• Exercise objective: If a picture appears, leave it out, and reproduce exactly the lines from the start of the listing below through the one bearing "Tokyo-Tiger Christmas Gift Cat Washed T-Shirt".

Top of Available records

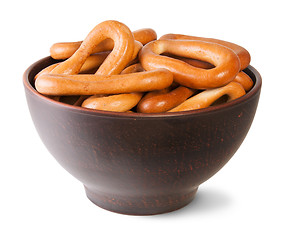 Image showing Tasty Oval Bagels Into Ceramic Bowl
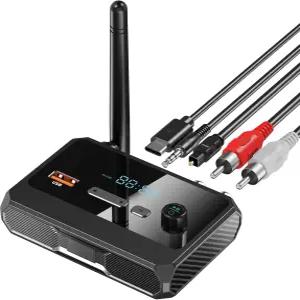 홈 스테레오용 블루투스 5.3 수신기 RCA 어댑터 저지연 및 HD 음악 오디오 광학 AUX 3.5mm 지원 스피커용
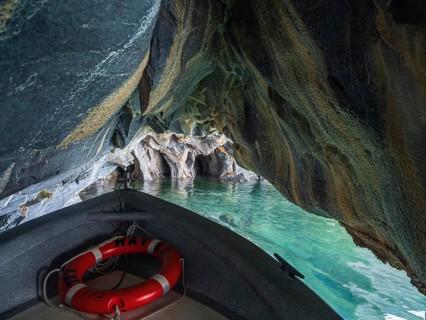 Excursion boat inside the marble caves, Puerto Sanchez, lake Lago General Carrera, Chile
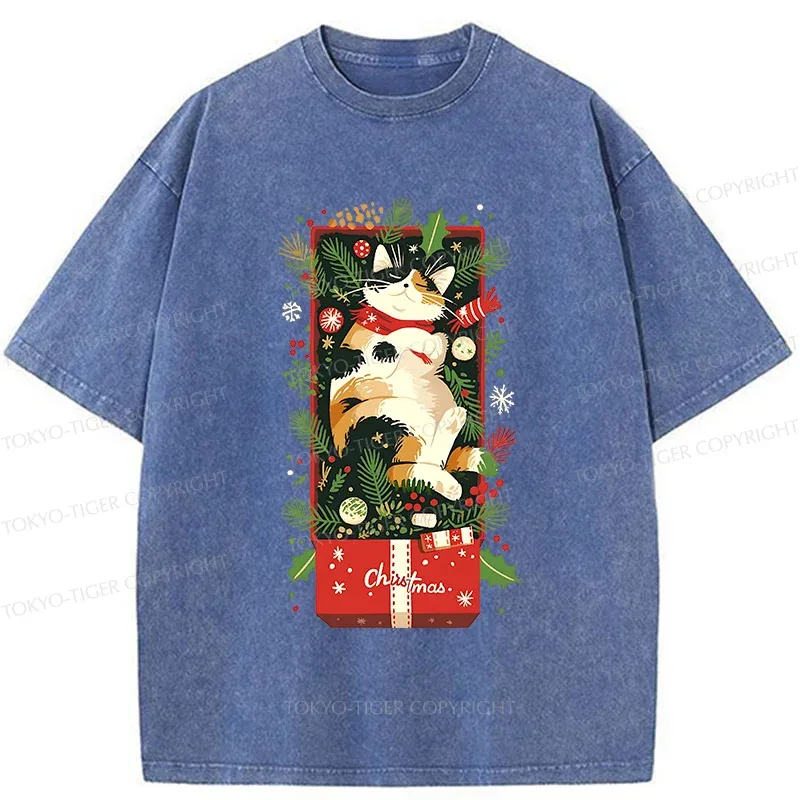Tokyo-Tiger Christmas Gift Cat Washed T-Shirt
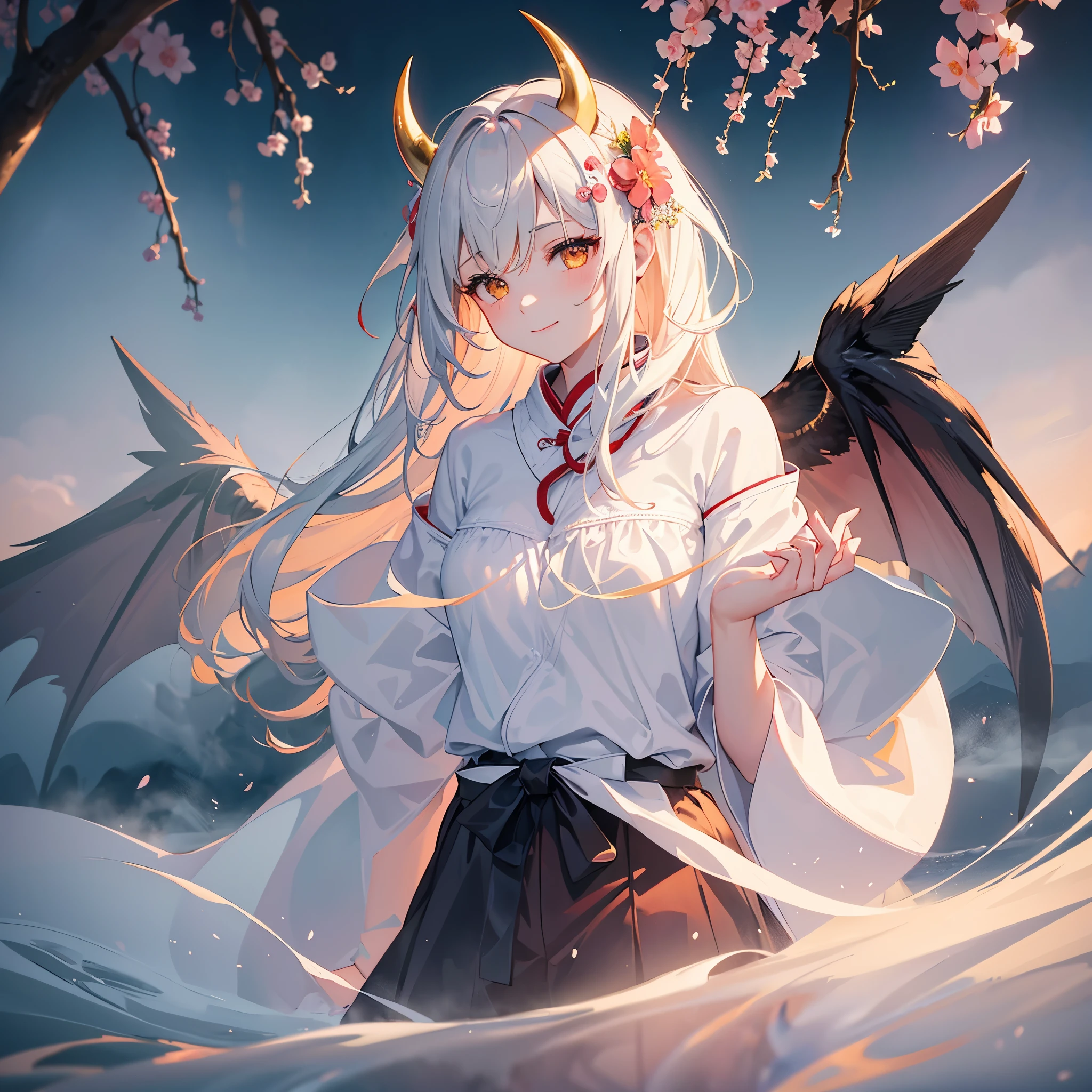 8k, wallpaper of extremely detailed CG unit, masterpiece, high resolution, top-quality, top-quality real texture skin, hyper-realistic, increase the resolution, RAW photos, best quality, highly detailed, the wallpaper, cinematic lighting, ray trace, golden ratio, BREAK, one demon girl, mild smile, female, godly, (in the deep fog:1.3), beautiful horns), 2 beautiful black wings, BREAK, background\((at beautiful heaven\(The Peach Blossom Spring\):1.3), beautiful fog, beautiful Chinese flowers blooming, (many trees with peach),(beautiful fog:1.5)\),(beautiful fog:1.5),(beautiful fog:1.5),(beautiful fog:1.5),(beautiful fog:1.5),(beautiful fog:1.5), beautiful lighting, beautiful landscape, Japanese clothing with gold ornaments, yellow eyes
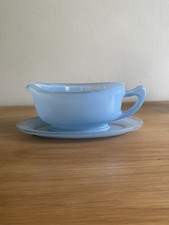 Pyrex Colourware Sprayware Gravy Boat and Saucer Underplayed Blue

Bottom of Available records

• Finished task:
 Image showing Tasty Oval Bagels Into Ceramic Bowl
 홈 스테레오용 블루투스 5.3 수신기 RCA 어댑터 저지연 및 HD 음악 오디오 광학 AUX 3.5mm 지원 스피커용
 Excursion boat inside the marble caves, Puerto Sanchez, lake Lago General Carrera, Chile
Tokyo-Tiger Christmas Gift Cat Washed T-Shirt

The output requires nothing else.